Exercise materials

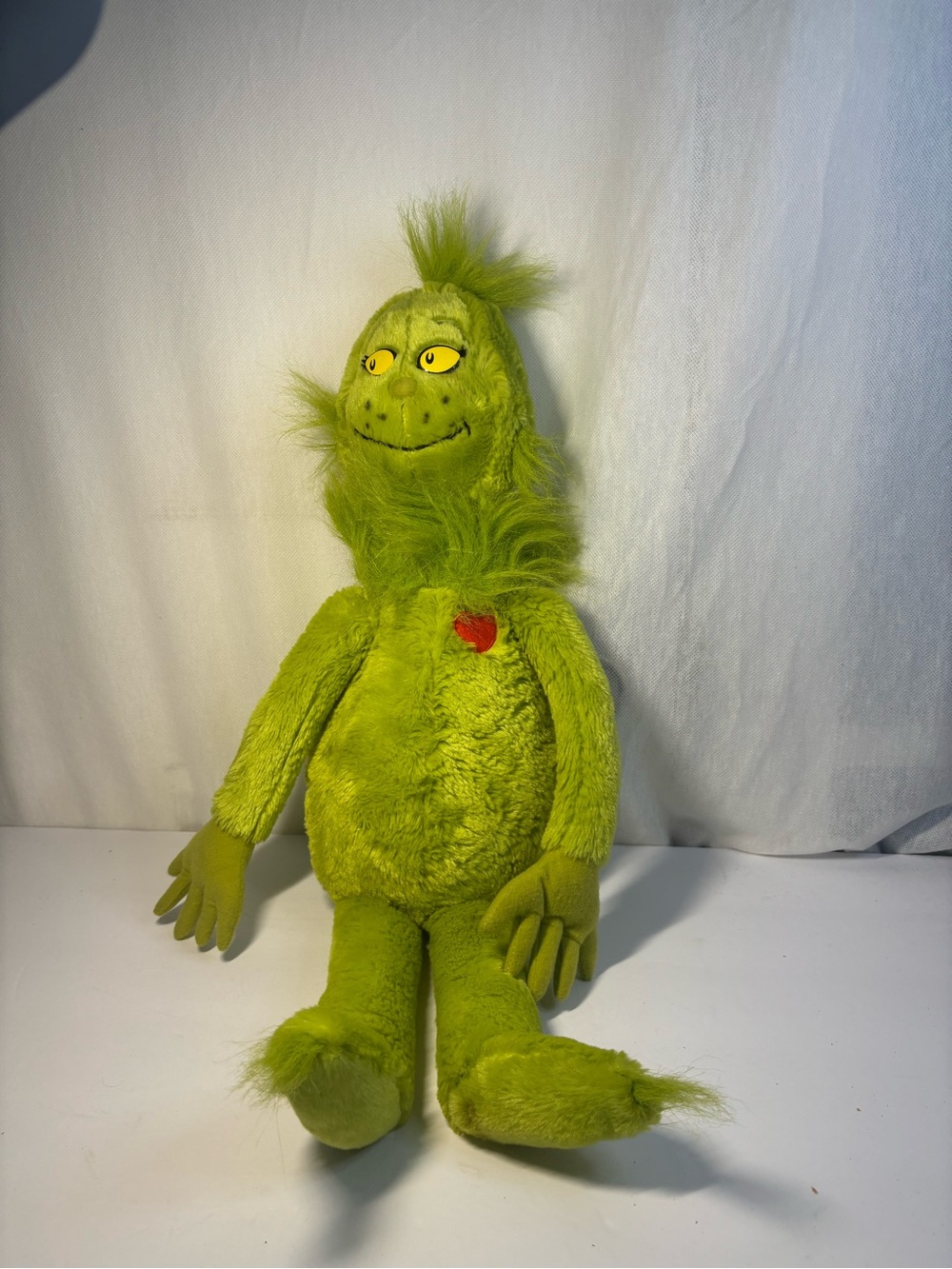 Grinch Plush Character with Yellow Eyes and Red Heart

==

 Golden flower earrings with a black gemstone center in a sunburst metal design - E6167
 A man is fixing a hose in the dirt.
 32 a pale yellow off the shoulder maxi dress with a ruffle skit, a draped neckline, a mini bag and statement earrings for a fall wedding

Task requirements
Reproduce exactly the entries above, limited to the lines from the one with "A man is fixing a hose in the dirt." through the one with "32 a pale yellow", both included.

Completed exercise
 A man is fixing a hose in the dirt.
 32 a pale yellow off the shoulder maxi dress with a ruffle skit, a draped neckline, a mini bag and statement earrings for a fall wedding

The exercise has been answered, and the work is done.